Data records »

_ _ _ _

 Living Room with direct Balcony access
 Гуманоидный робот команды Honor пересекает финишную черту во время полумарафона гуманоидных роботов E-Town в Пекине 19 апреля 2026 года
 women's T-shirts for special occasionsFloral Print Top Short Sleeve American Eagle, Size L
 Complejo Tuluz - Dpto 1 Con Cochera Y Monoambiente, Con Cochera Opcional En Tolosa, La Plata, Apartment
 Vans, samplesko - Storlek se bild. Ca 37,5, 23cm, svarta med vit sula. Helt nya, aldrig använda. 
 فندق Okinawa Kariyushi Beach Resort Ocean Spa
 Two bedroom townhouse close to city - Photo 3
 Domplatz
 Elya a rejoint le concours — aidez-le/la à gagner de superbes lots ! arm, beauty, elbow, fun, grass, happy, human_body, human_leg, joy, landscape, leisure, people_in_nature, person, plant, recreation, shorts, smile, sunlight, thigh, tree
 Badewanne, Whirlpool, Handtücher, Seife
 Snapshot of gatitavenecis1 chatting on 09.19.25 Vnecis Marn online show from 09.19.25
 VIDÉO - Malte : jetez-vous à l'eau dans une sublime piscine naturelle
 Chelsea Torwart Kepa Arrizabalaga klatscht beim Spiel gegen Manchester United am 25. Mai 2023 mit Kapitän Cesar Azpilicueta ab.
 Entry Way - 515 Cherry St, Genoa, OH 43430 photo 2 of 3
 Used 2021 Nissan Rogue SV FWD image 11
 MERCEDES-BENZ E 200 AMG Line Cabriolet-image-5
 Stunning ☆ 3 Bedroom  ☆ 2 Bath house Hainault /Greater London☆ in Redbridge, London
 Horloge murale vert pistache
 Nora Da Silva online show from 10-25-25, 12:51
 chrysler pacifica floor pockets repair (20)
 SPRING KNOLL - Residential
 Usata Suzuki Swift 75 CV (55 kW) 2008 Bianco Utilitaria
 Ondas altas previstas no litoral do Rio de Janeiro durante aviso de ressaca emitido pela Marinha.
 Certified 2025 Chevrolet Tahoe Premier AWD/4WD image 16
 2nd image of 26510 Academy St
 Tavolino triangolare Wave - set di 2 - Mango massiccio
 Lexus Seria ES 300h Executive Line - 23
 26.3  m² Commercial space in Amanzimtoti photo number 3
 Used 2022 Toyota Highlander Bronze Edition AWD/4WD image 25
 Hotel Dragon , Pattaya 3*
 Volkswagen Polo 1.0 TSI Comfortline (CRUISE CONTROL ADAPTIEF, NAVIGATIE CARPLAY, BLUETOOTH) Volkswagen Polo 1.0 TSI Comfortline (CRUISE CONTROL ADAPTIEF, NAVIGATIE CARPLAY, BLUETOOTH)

_ _ _ _

EXERCISE AIM »
Among the lines above, repeat exactly those from the line with "Ondas altas previstas" to the line with "photo number 3", counting both ends.

ANSWER SPACE »
 Ondas altas previstas no litoral do Rio de Janeiro durante aviso de ressaca emitido pela Marinha.
 Certified 2025 Chevrolet Tahoe Premier AWD/4WD image 16
 2nd image of 26510 Academy St
 Tavolino triangolare Wave - set di 2 - Mango massiccio
 Lexus Seria ES 300h Executive Line - 23
 26.3  m² Commercial space in Amanzimtoti photo number 3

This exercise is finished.